Naming non-cyclic carbon chains

31

5

(I'm not a chemist! I might be wrong at some stuff, I'm writing what I've learned in high-school)

Carbon atoms have a special attribute: They can bind to 4 other atoms (which is not that special) and they stay stable even in long chains, which is very unique. Because they can be chained and combined in a lot of different ways, we need some kind of naming convention to name them.

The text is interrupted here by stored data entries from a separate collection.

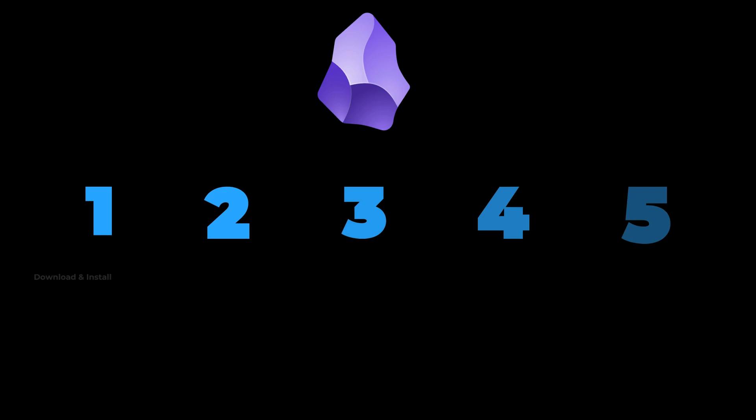In this tutorial, you're going to learn how to get started using Obsidian as a complete beginner. Here's what I'm going to cover in this video. Feel free to use the chapters to skip ahead and re-watch certain sections.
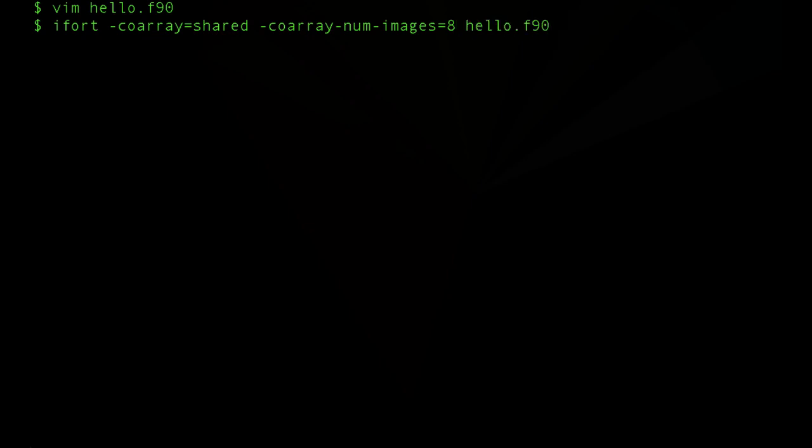You can also override that number of images at program startup with an environment variable. The code compiles and let's run it.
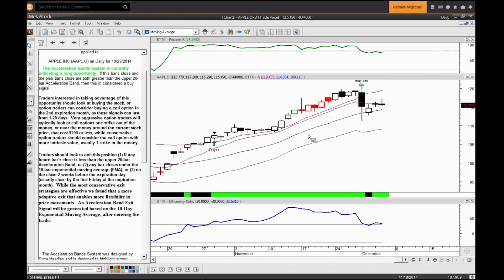When it comes to closing an option, there are three ways: sell it, exercise it, or let it expire. We can sell the option for what the option price is now - before expiration we collect both intrinsic value if there is any, plus time value.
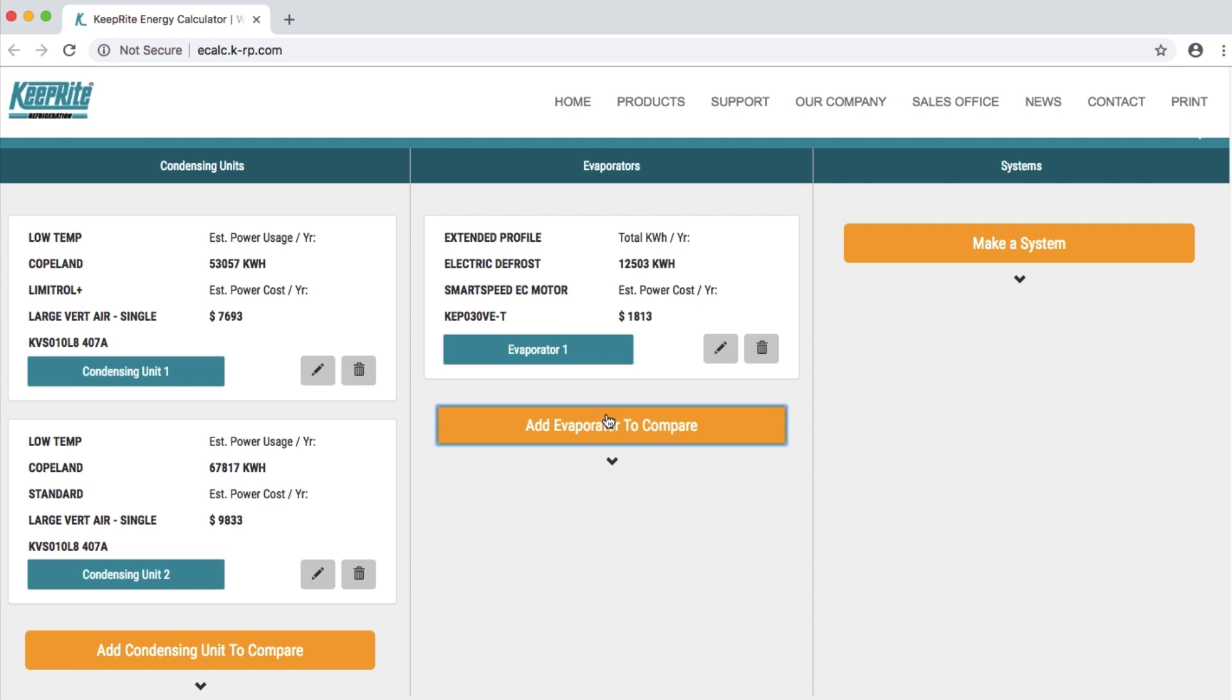You can then click the edit button to make any adjustments or the trash button to remove that evaporator completely.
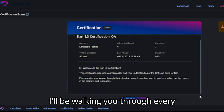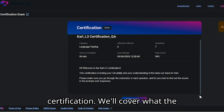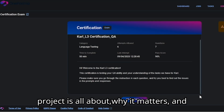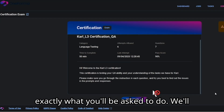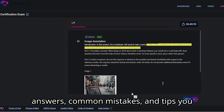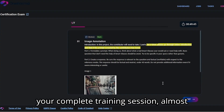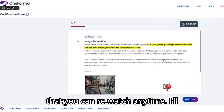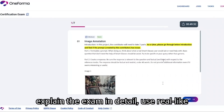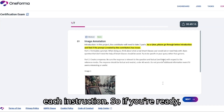In this session, I'll be walking you through every important aspect of the Carl L3 certification. We'll cover what the project is all about, why it matters, and exactly what you'll be asked to do. We'll also go over practice questions, correct answers, common mistakes, and tips you can apply immediately. Think of this as your complete training session — almost like a private coaching class, but one that you can re-watch anytime. I'll explain the exam in detail, use real-like examples, and help you understand not just the what but also the why behind each instruction.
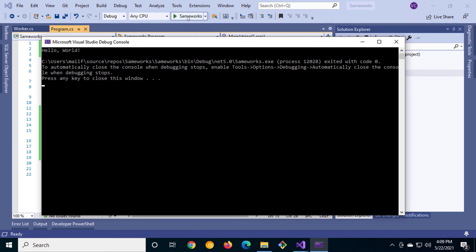In the next video we'll take a look at dependency injection within our worker class. I'll see you there.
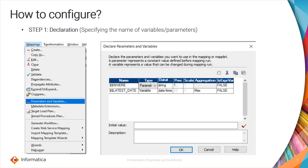In mapping variables, we have only three aggregations: maximum, minimum, and count. The final column — if you enable expression variable as true — then the data type should be string, or the integration service will fail the session.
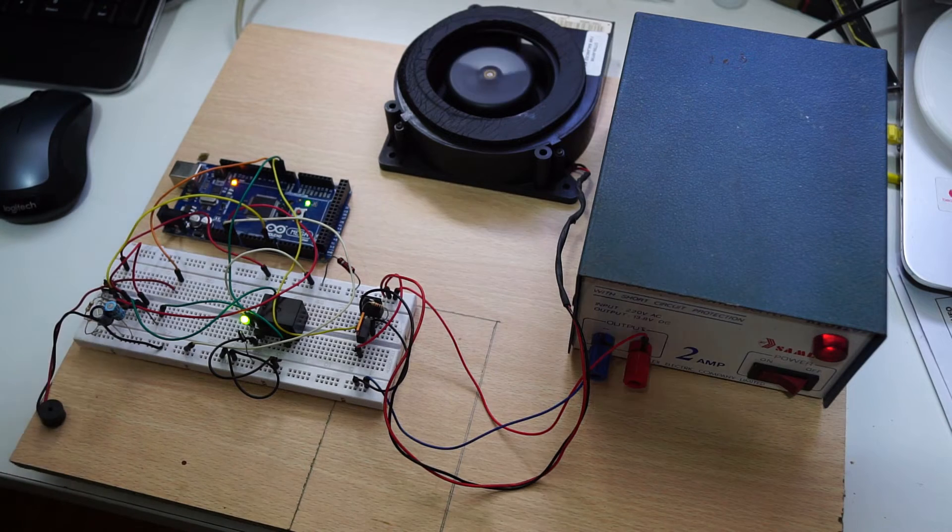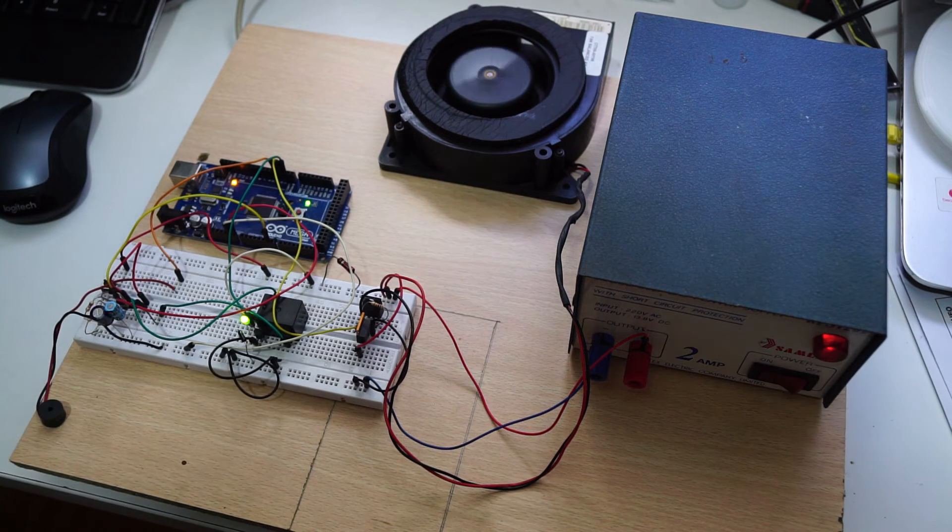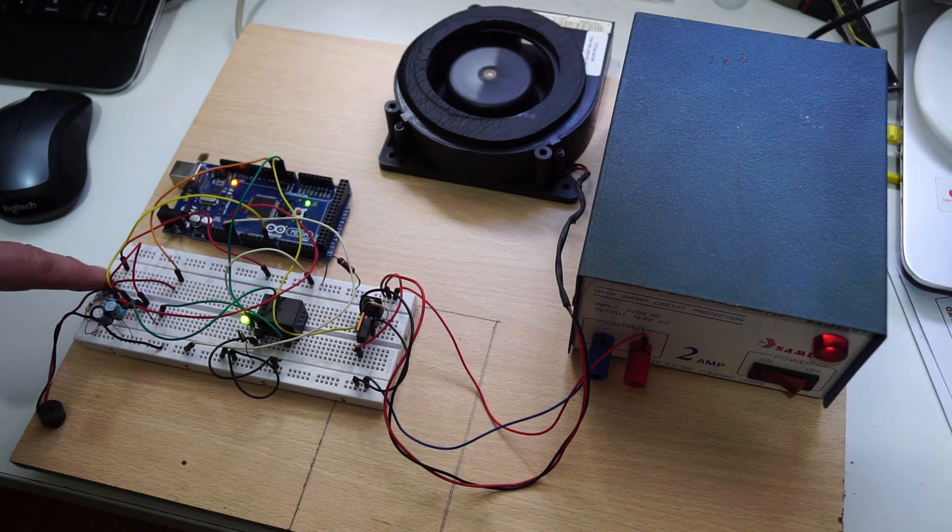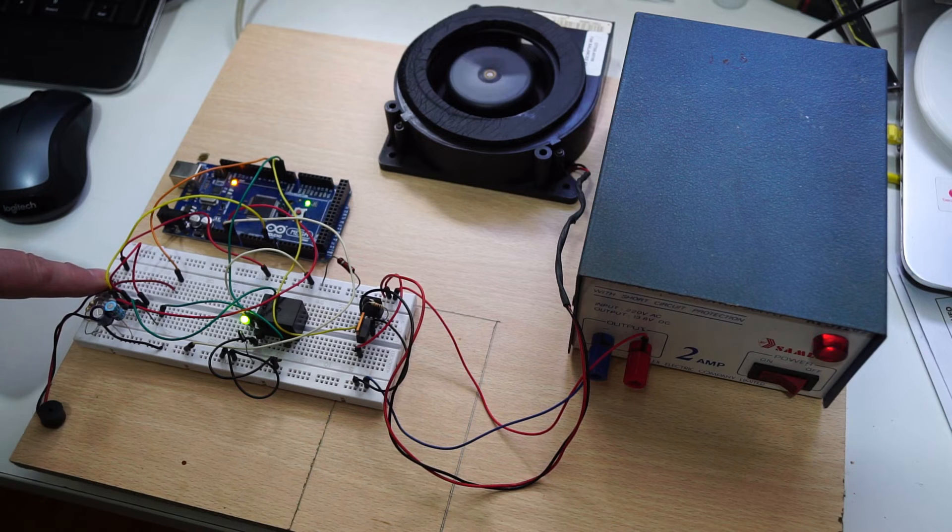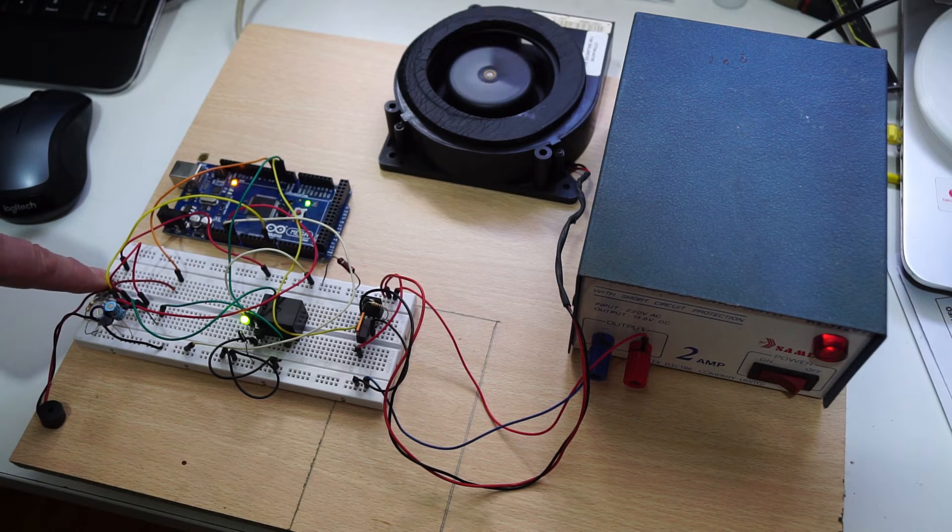Once the system is activated, the turbine speed is changed by pressing the key. There are three selectable speeds.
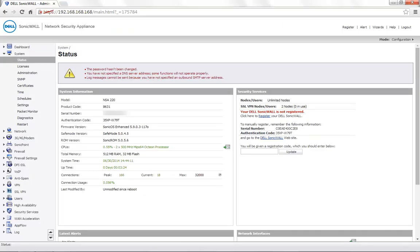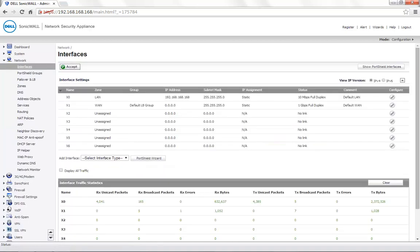Today, for demonstration, we are using a SonicWall NSA 220 with the firmware version 5.9.0.3. To proceed with the configuration, navigate to Network, Interfaces.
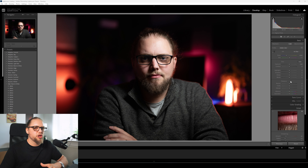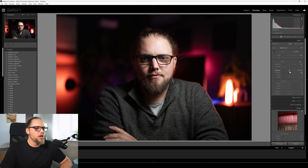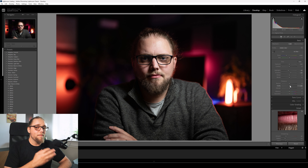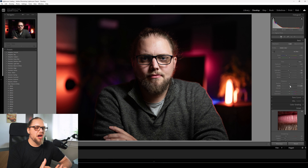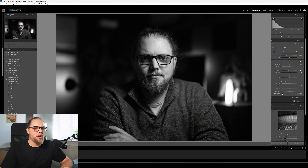The first thing we're going to do is a global edit - adjusting the whole photograph using the sliders on the right. We'll start by bringing the shadows up just a touch, highlights down just a touch, leave contrast for now, and boost the clarity. We're still working in color right now, but we're going to dive pretty much straight away over to black and white.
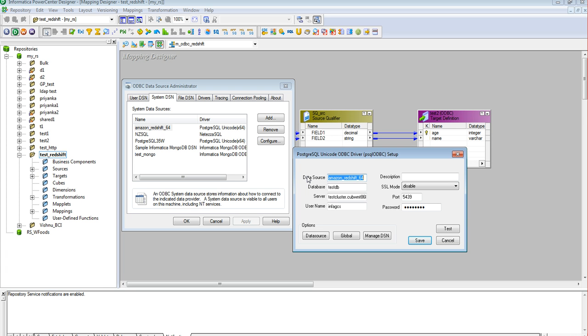DSN name, this is a user-defined name given to identify the data source. Database, this is the name which is the database present on the Redshift cluster, the Redshift database. Host, which is actually the endpoint or server for the Redshift cluster database. User name, this is the user using which a connection would be established to the Redshift database. Password, this is the password using which the user will be authenticated to the database.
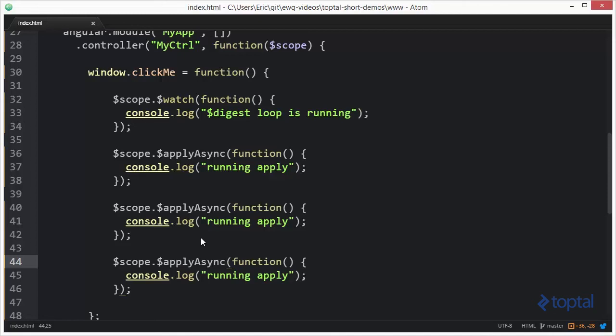However, if we have multiple functions we want to execute first before we then do the entire model and view binding process with the watches and through the digest loop, then we can use apply async to run multiple operations, and then finally it will run the digest loop process, run all the watches. This would be significantly more efficient than doing actually three separate apply operations.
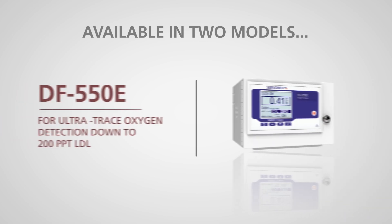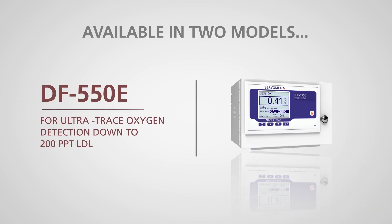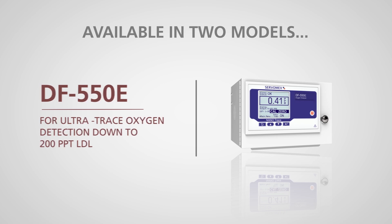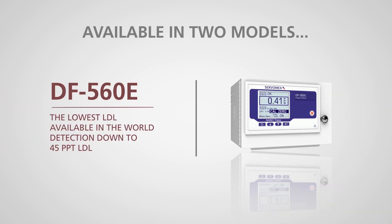The DF550E for Ultratrace measurement down to 200 PPT and the DF560E with a lower detection limit of 45 PPT, the lowest in the world.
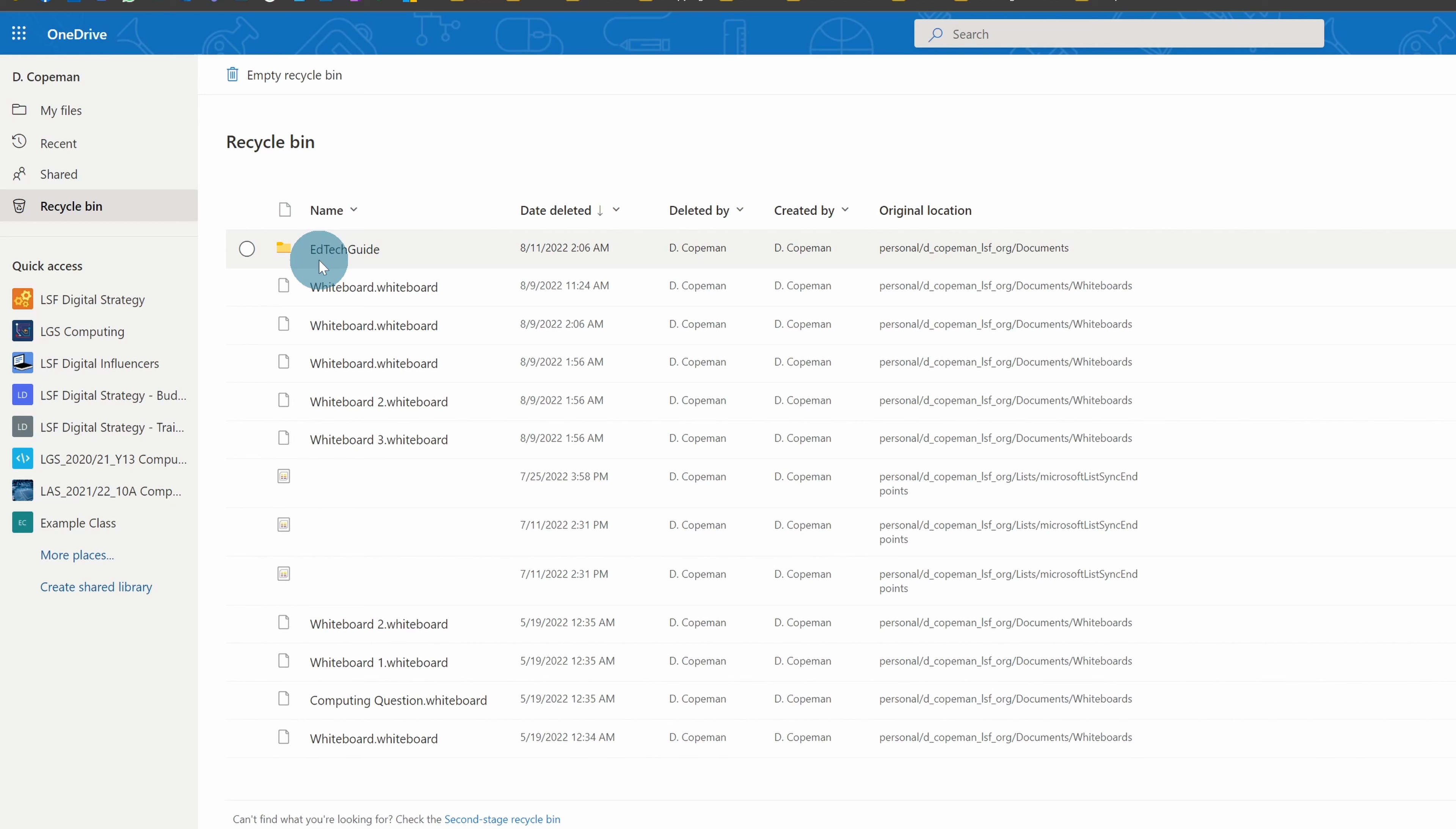That recycle bin can only be accessed by the administrators of the account. So if you delete something from your recycle bin but you still think you might be within that 93-day window from when you first deleted it, you could contact the admins and see if you can get that file back.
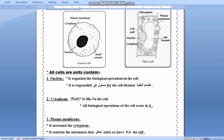Number two: cytoplasm. The cytoplasm is the fluid that fills the cell. All biological operations in the cell occur in the cytoplasm.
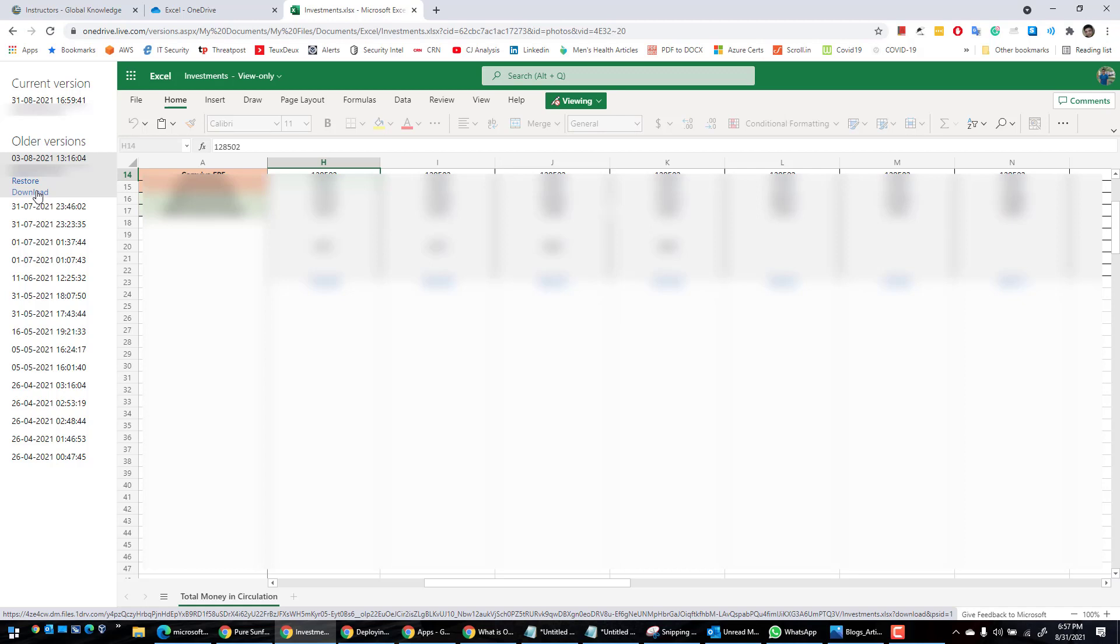All right, so that's how you do it, that's how you restore the file back to the previous version through OneDrive. I hope you liked this video, I would really appreciate if you press the like button and also subscribe to my channel. Thanks for watching, bye.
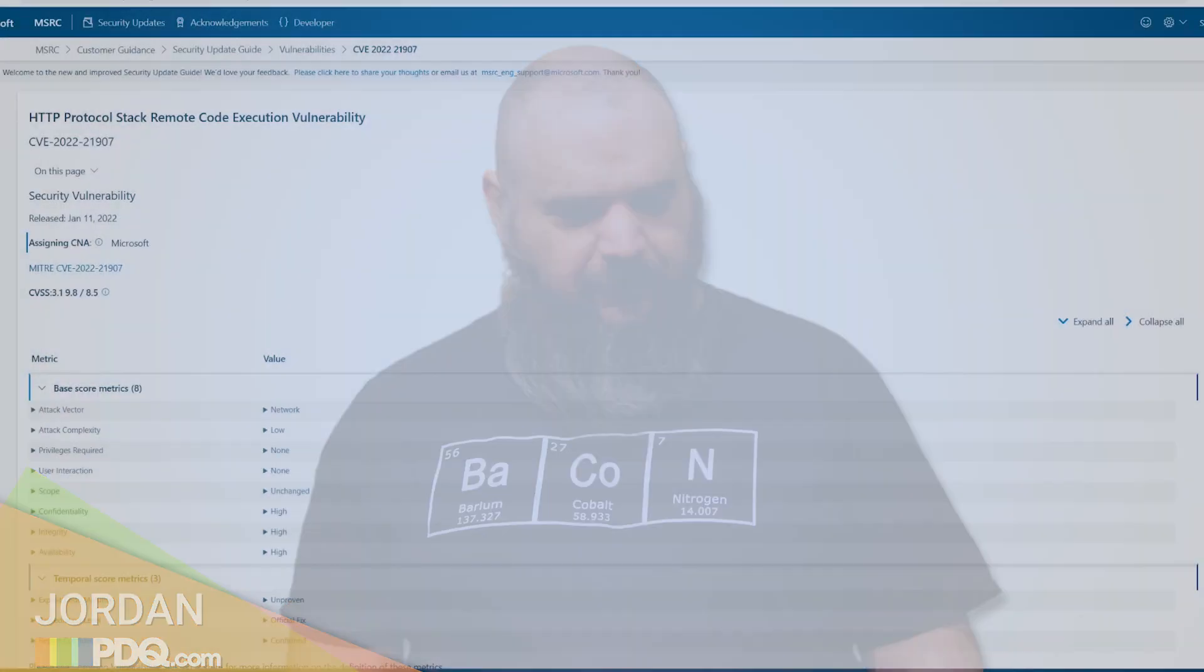Hey everybody, I'm Jordan with PDQ.com. It's Patch Tuesday again, the first of 2022. We're going to dive in and see how we compare to last year.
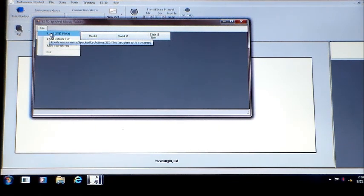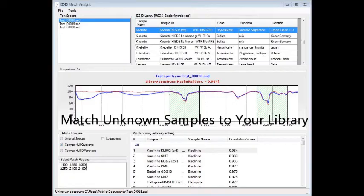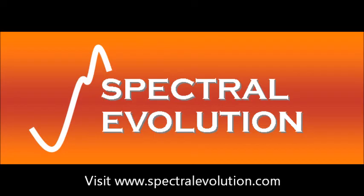You can now scan unknown target samples and EasyID will match them, by highest probability, to the known custom sample library you have built.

This is the smallest molecule we can make:

CH4

It's called methane. It consists of only one carbon and 4 hydrogen atoms. The next one is:

CH3 - CH3

This is called ethane. It's made up of 2 carbon and 6 hydrogen atoms.

The next 2 are:

CH3 - CH2 - CH3
CH3 - CH2 - CH2 - CH3

They are propane and butane. The problems start with the chains with 4 carbon atoms, as it can be built in 2 different ways. One is shown above and the other is:

CH3 - CH - CH3
       |
      CH3

This is obviously not the same as the other. The number of atoms and the bindings are different. Of course just folding bindings and rotating the molecule won't make it a different one! So this:

CH3 - CH2 - CH2 - CH3

And this:

CH3 - CH2
       |
CH3 - CH2

Are the same (If you are into graph theory, you may say that if there is isomorphism between 2 molecules; they are the same). From now on I won't write out hydrogen atoms as they are not essential for this challenge.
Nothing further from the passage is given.